Steps/Code to reproduce bug

Minimal, torch-only (no GPU, runs in seconds) — mirrors the F.normalize(..., eps=1e-7) prelude exactly:

import torch, torch.nn.functional as F
torch.manual_seed(0); torch.set_float32_matmul_precision("high")

def newton_schulz(x, steps=6, eps=1e-7):
    a, b, c = 3.4445, -4.7750, 2.0315
    X = F.normalize(x, p=2, dim=(-2, -1), eps=eps)   # the line under scrutiny
    for _ in range(steps):
        A = X @ X.transpose(-2, -1)
        X = a * X + (b * A + c * (A @ A)) @ X
    return X

m = 2048; base = torch.randn(m, m); base /= base.norm()   # unit-Frobenius direction
for N in (1e0, 1e-6, 1e-8, 1e-9, 1e-10):
    print(f"||in||_F={N:>7.0e}  ||out||_F={newton_schulz(base*N).norm():8.3f}  (ideal ~{m**0.5:.1f})")

Output:

||in||_F=  1e+00  ||out||_F=  39.929   (ideal ~45.3)
||in||_F=  1e-06  ||out||_F=  39.929
||in||_F=  1e-08  ||out||_F=  40.118
||in||_F=  1e-09  ||out||_F=  16.135   <- DEGENERATE
||in||_F=  1e-10  ||out||_F=   1.669   <- DEGENERATE

Same against the package itself (from emerging_optimizers.orthogonalized_optimizers.muon_utils import newton_schulz, coefficient_type="polar_express"): 1e0→44.93, 1e-8→42.11, 1e-10→1.83.

Expected behavior

A scale-invariant orthogonalizer should return ‖out‖_F ≈ √min(m,n) regardless of input scale (the plateau value), instead of collapsing once ‖x‖_F underflows the eps floor.

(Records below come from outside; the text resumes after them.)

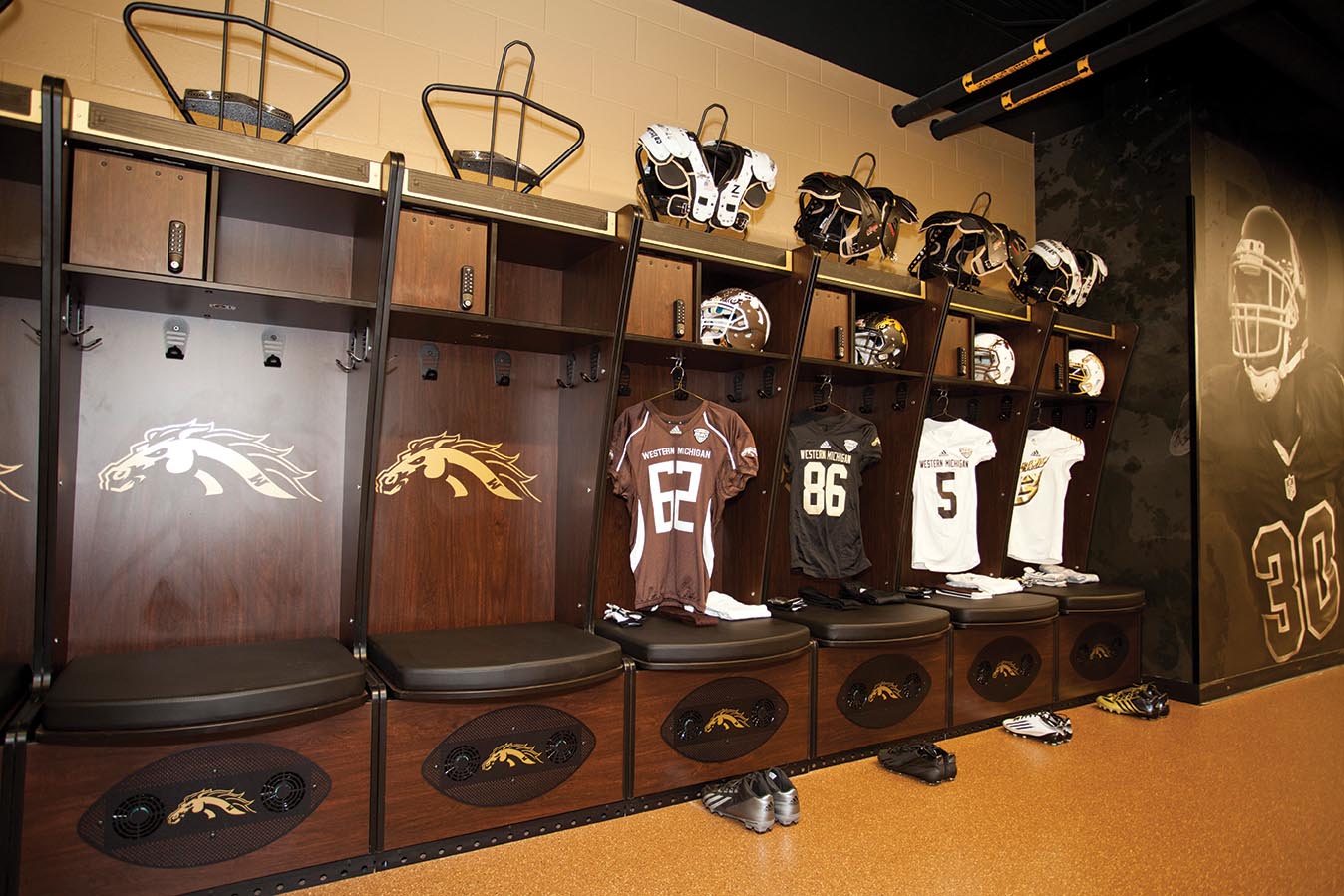 Athletic Locker Room Design And Storage Solutions Bradford Systems 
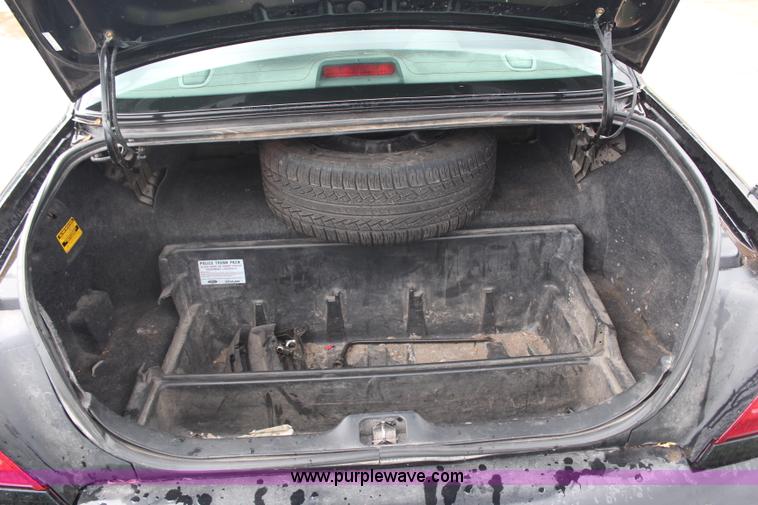 image for item H6965 2005 Ford Crown Victoria Police Interceptor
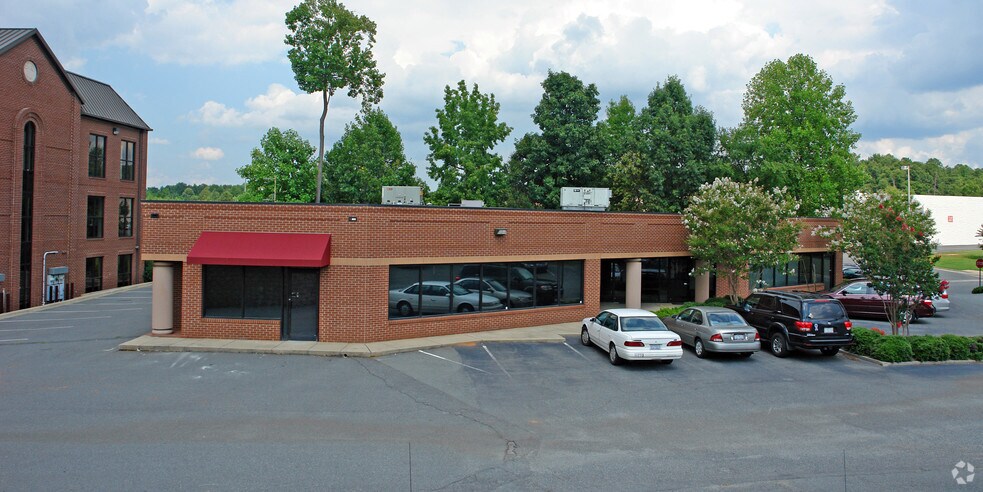 10610 Independence Pointe Pky, Matthews, NC à vendre - Photo principale - Image 1 de 8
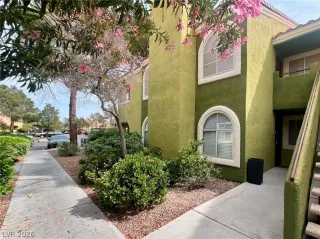 Photo #4: 2768090 Listing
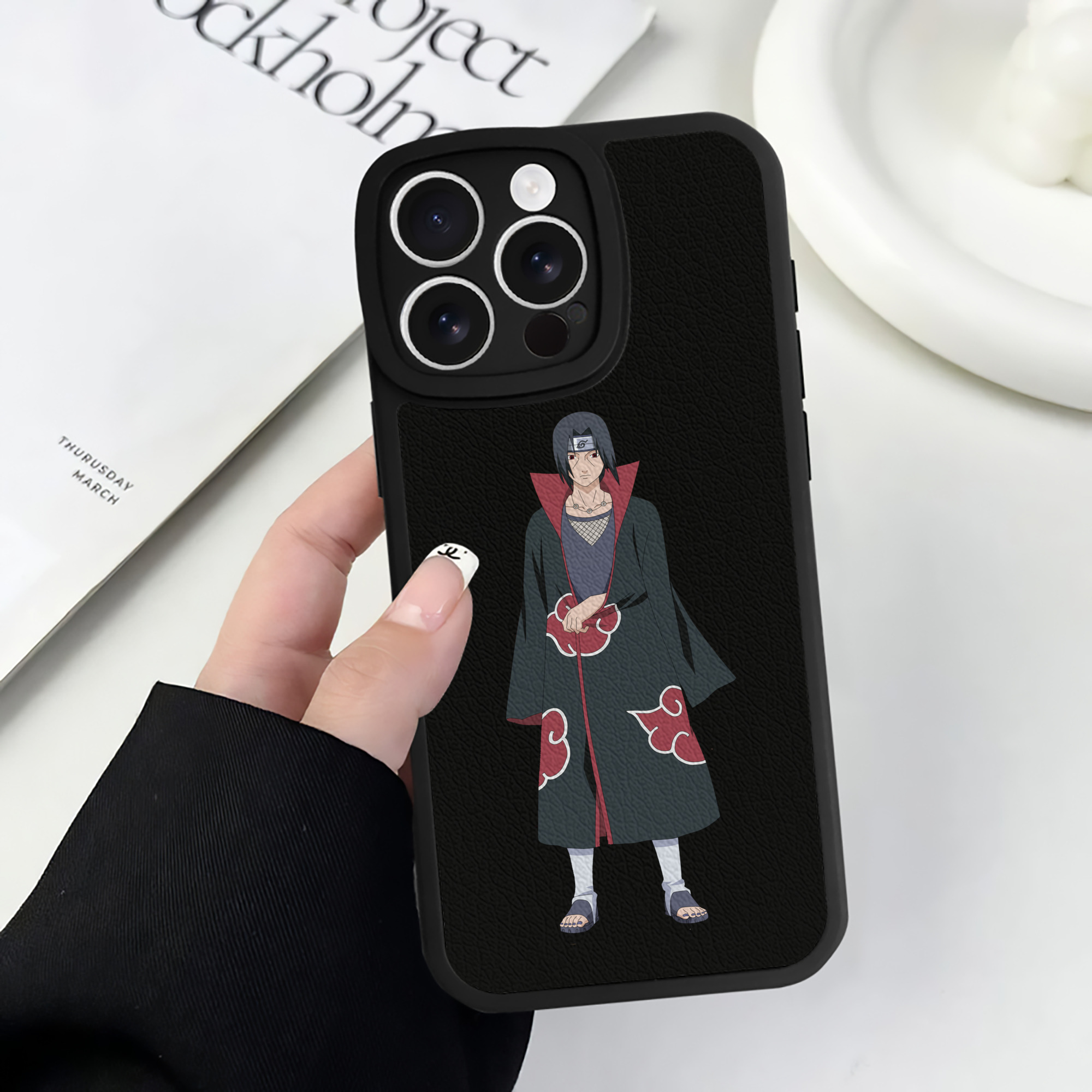 （画像用） NARUTO -ナルト- うちは イタチ Uchiha Itachi 【iPhone 16シリーズ対応】シリコンスマホケース（レザー調） 材質：シリコン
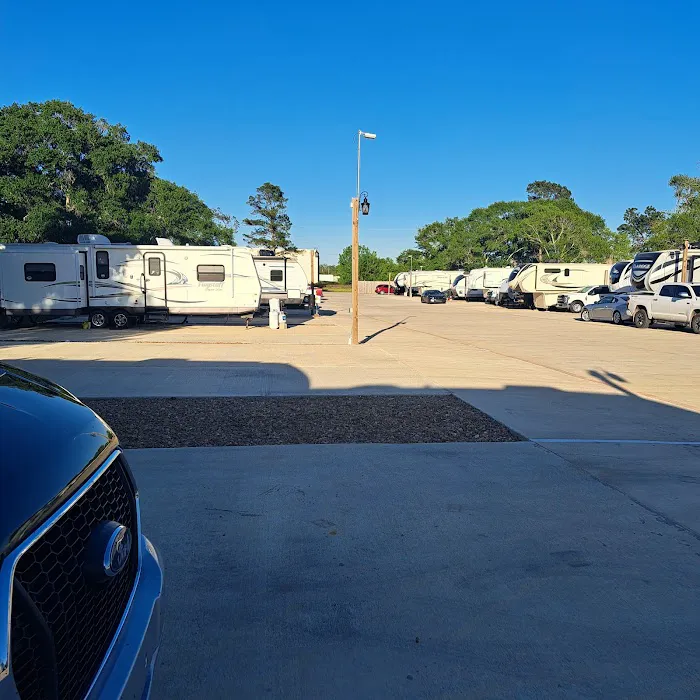 Sealy RV Park Picture 1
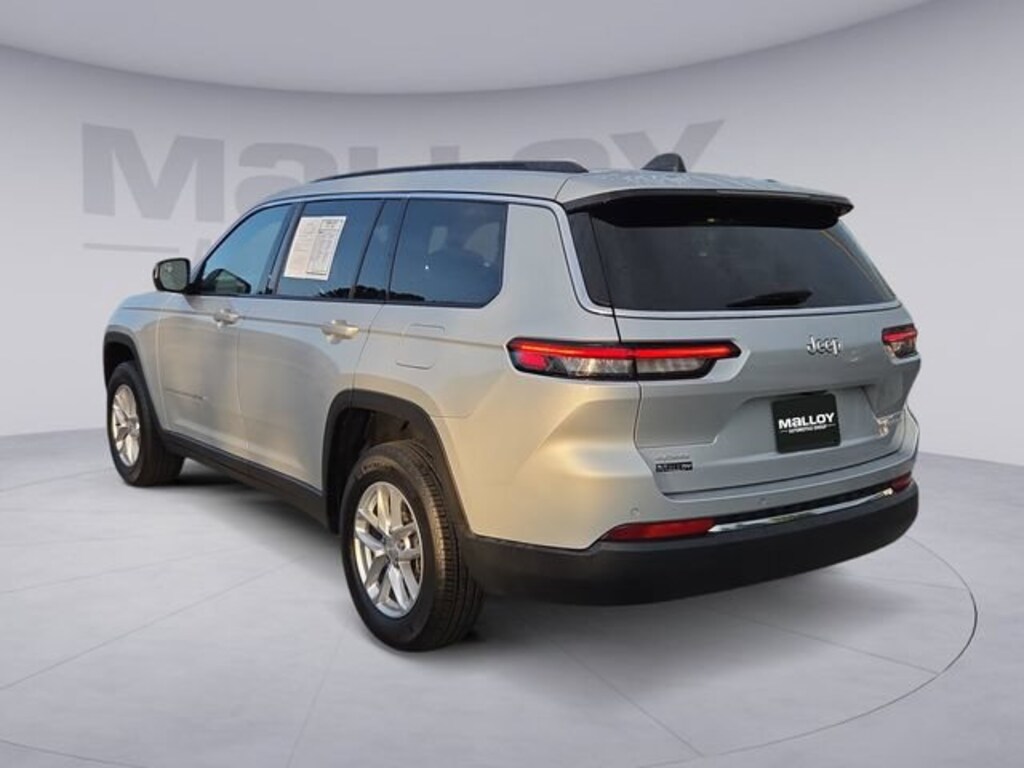 Used 2024 Jeep Grand Cherokee L Laredo 4x4 SUV
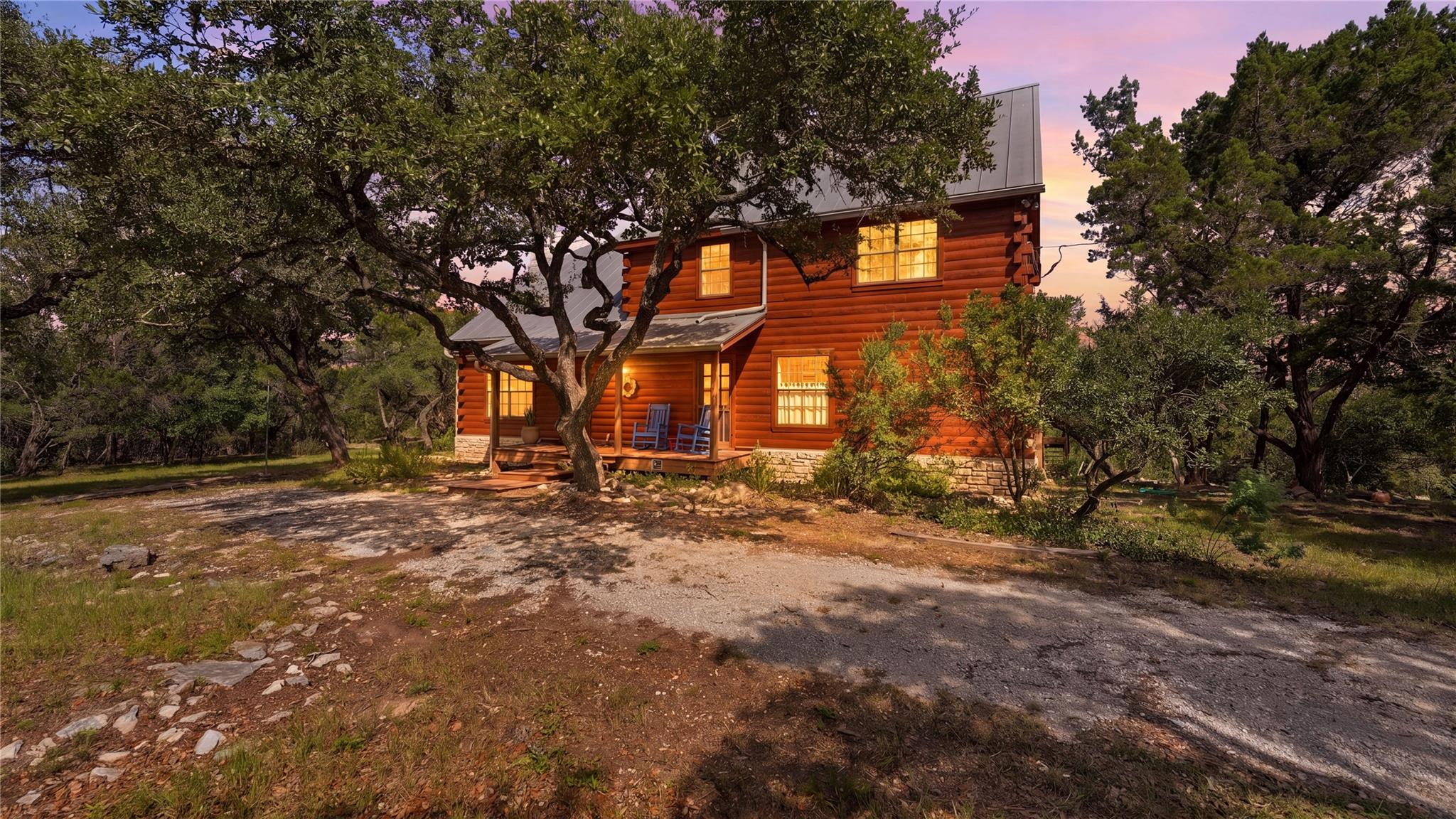 Listing photo 1 of 800  Woodcreek Ranch Rd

At minimum, it should warn/error rather than silently emit a non-orthogonal result.

Additional context

  • Location: emerging_optimizers/orthogonalized_optimizers/muon_utils.py, newton_schulz(), eps: float = 1e-7 used in F.normalize.
  • Suggested fix: use eps=1e-30 purely as a divide-by-zero guard, or normalize by ‖x‖_F.clamp_min(tiny) with tiny near the dtype floor, or detect/warn when ‖x‖_F < eps.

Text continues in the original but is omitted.